Before learning about the opening of the new summer exhibition at the National Portrait exhibition I had never previously heard of Laura Knight. Considering I have just spent my last semester at university studying the foundations of the Royal Academy and British art up until the early 20th century it was a crying shame. For some reason Knight is rarely spoken or written about and the NPG exhibition has politely reminded the world what it has been missing.
Laura Knight was a war artist, a painter of Gypsies, the Ballets Russes and the Nuremberg Trials. She had a career that transcended genre and cultural borders. On display at the National Portrait Gallery are thirty portraits which give us a brief glimpse into her spectacular career.

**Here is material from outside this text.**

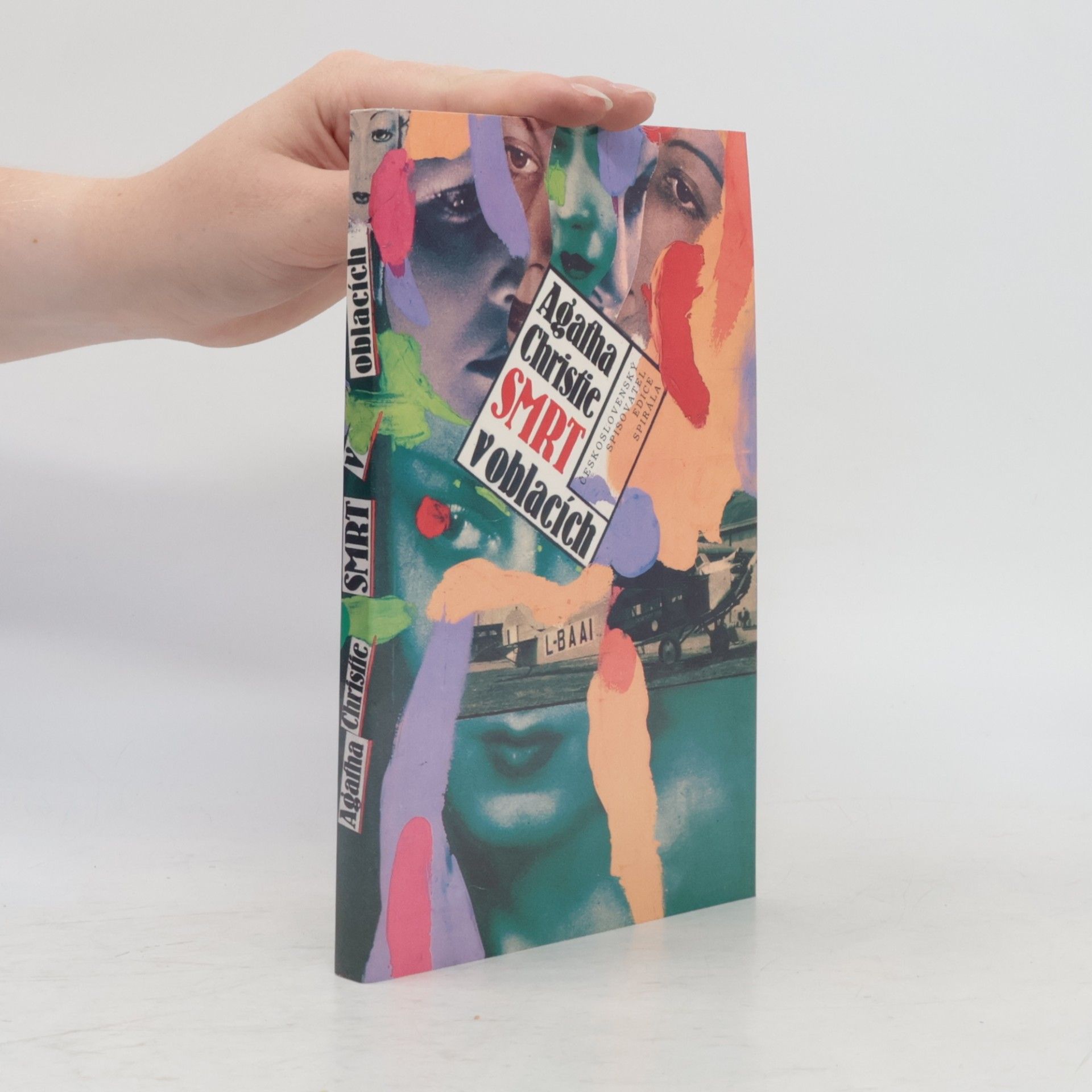 Agatha Christie Smrt v oblacích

Knight was the first female Royal Academician since Angelica Kauffman, the first woman in over a century. The fact that so few women were given any status and are still somewhat inferior in the historical canon of art says much about our cultural attitudes to women in art history as britons. That said, Knight was the first ever female artist to be given a damehood in 1929.
For me the most memorable paintings are those of Gypsies and also the portraits Knight painted in Baltimore; here she accompanied her painter husband, while Mr Knight chose to use surgeons as his subject matter, Knight instead painted women in a racially segregated maternity ward. It is clear that she had no problem painting what might have been considered ‘lower’ subject matter. She pushed boundaries, asking herself to go to the Nuremberg Trials after already being successful as a war artist.
This exhibition shows us that we shouldn’t turn a blind eye to our women artists in a display which is both a triumph for feminism and British art; definitely a summer must-see.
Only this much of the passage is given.